Il Consiglio di Sicurezza, Cds, può nondimeno decidere di intervenire anche in virtù del suddetto principio della responsabilità di proteggere, che figurò del resto fra le motivazioni dell’autorizzazione ad intervenire in Libia tre anni fa.

Interferenze esterne in Siria
È sconcertante che la Russia (spalleggiata dalla Cina) appoggi un regime sanguinario come quello siriano. Occorre tuttavia riflettere anche sul modo in cui altri importanti attori hanno affrontato sia l’intervento in Libia che l’inizio della tragedia siriana: se la finalità fondamentale dei princìpi del diritto internazionale è oggi quella di tutelare pace e sicurezza e di proteggere le popolazioni civili, gli obiettivi degli interventi debbono essere guidati da queste preoccupazioni e non da quella di rovesciare un regime.

Né la soluzione può essere armare gli insorti: l’andamento sul campo ha dimostrato come le interferenze esterne (in particolare da parte di vari membri della Lega araba) abbiano finito con l’accentuare la dimensione interetnica del conflitto (sunniti contro sciiti).
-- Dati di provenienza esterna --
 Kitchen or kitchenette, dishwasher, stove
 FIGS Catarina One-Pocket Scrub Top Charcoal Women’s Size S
La comunità internazionale dovrebbe spegnere un conflitto sul nascere (e mostrare la massima determinazione con chi si azzardi a commettere crimini contro la popolazione civile), non gettare benzina sul fuoco.

Il problema è anche istituzionale. Com’è noto, il potere di veto permette ai membri permanenti del Cds di fare il bello e il cattivo tempo anche a fronte di sofferenze atroci come quelle a cui si assiste in Siria.
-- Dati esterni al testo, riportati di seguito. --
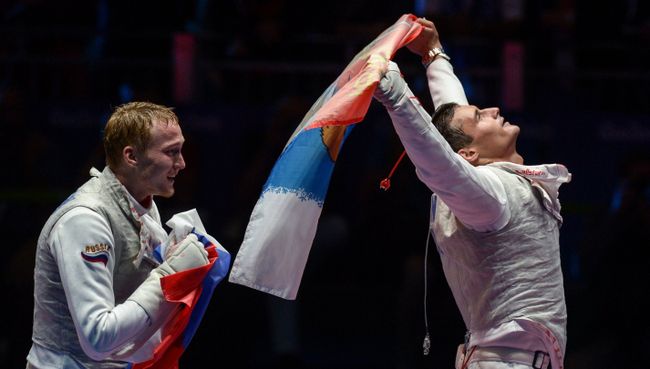 Спортсмены сборной России Артур Ахматхузин и Тимур Сафин (слева направо) после завершения финального поединка командного первенства по фехтованию на рапирах среди мужчин против сборной Франции на XXXI летних Олимпийских играх Спортсмены сборной России Артур Ахматхузин и Тимур Сафин (слева направо) после завершения финального поединка командного первенства по фехтованию на рапирах среди мужчин против сборной Франции на XXXI летних Олимпийских играх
È sempre meno tollerabile che questioni cruciali - a volte per la vita di milioni di persone - siano in balìa degli interessi di questo o quello fra i cinque membri permanenti. Nel caso della Siria, persino l’Assemblea generale delle Nazioni Unite ha rimproverato il Cds della sua inerzia.
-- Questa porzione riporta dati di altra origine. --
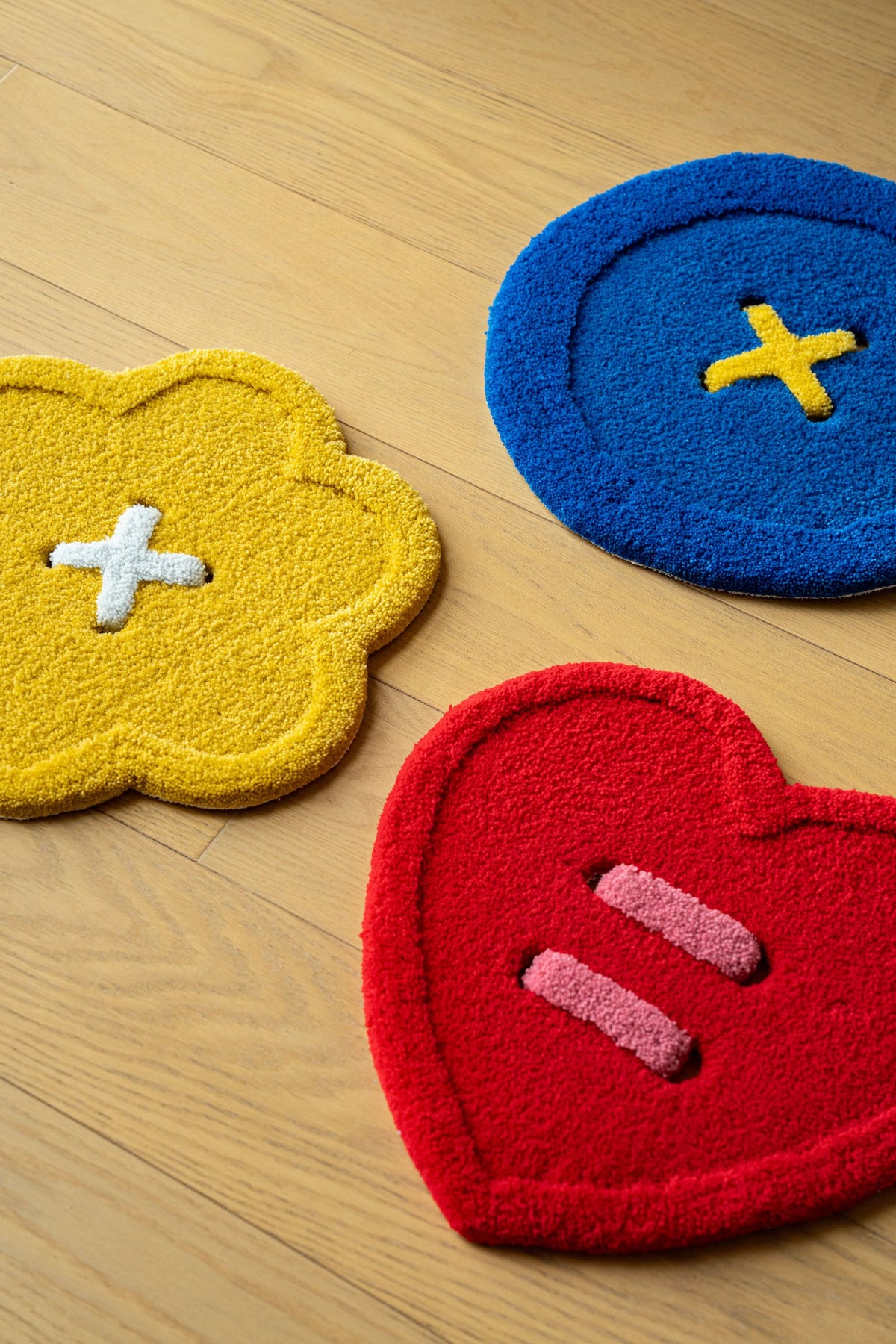 Ordinary Daily Design Heart Button Rug Red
E quand’anche quest’ultimo riesca ad autorizzare un intervento, è difficile imporre agli stati di restare entro i limiti (legali) di ciò che è stato autorizzato. In Libia, dall’obiettivo dichiarato di proteggere la popolazione civile di Bengasi si arrivò (su impulso soprattutto di Francia e Gran Bretagna) ad un appoggio a tutto campo agli insorti e al rovesciamento del regime, ovvero un esito non esplicitamente contemplato dalle risoluzioni approvate dal Cds.

La rigidità di Russia e Cina nel caso della Siria non è affatto giustificabile, ma è in parte favorita da quel che è accaduto in Libia e dalle reticenze che questo ha suscitato anche presso altri, importanti paesi.

Riforma del Consiglio di sicurezza
Occorre dunque riformare il Cds e ridimensionare il potere di veto dei membri permanenti; passare dalla mera discrezionalità all’obbligo di adottare tempestivamente misure adeguate per affrontare non solo le minacce alla pace e alla sicurezza, ma anche le violazioni massicce dei diritti umani; sottoporre ad un controllo internazionale le operazioni condotte dai singoli stati in modo che restino entro i binari di quanto è stato deciso a livello collettivo.

Peraltro, quanto più tempestivamente si interviene con misure incisive, tanto più alte saranno le chance di evitare un intervento militare. E se le circostanze dovessero far apparire la via militare come l’unica efficace, quanto più tempestivo e deciso è l’intervento, tanto maggiori saranno le possibilità di prevenire massacri (come insegnano - in male - la Bosnia o il Ruanda).

Si tratta notoriamente di una sfida difficilissima, anche perché per modificare lo statuto delle Nazioni Unite occorre l’approvazione dei cinque membri permanenti! Una riforma del genere presupporrebbe inoltre una maggiore disposizione della comunità internazionale ad assumersi pienamente le proprie responsabilità in materia di pace e diritti umani.

Non sappiamo quanto si riuscirà ancora a salvare di ciò che resta della Siria multietnica. Per evitare che tragedie simili si ripetano occorrerà nondimeno ripensare senza ipocrisie tanto l’attuale sistema di sicurezza collettiva quanto il modo “disinvolto” in cui sono state affrontate alcune delle maggiori crisi degli ultimi anni.

Antonio Bultrini è professore di Diritto Internazionale e Diritti Umani, Università di Firenze.